## EXERCISE PROMPT
In the listing below, find the line containing "貴州遵義鋸杉木加工現(xiàn)場25機1" and the line containing "Fahrzeugabbildung Ford Focus". Repeat exactly those two lines and every line between them, nothing more.

____

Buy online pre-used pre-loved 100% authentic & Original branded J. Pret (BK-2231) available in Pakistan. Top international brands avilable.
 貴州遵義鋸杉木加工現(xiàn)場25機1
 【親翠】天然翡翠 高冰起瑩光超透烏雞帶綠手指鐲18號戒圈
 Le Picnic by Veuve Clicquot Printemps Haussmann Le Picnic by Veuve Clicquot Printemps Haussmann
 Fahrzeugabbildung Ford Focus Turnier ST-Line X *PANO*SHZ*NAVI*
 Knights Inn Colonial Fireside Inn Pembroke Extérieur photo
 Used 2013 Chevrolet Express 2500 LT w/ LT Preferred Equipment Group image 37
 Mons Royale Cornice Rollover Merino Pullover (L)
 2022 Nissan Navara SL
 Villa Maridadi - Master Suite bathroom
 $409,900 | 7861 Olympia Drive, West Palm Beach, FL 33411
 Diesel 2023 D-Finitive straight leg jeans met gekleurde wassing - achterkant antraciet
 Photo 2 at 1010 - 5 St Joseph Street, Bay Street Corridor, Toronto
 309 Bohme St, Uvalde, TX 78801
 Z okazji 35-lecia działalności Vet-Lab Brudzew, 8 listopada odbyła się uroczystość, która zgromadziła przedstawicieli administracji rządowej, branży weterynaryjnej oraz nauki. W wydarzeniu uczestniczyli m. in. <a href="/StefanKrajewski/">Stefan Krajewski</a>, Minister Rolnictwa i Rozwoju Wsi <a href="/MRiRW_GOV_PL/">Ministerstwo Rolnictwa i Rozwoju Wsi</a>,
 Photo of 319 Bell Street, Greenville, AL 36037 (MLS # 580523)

____

## OUTPUT FOR THIS TASK
 貴州遵義鋸杉木加工現(xiàn)場25機1
 【親翠】天然翡翠 高冰起瑩光超透烏雞帶綠手指鐲18號戒圈
 Le Picnic by Veuve Clicquot Printemps Haussmann Le Picnic by Veuve Clicquot Printemps Haussmann
 Fahrzeugabbildung Ford Focus Turnier ST-Line X *PANO*SHZ*NAVI*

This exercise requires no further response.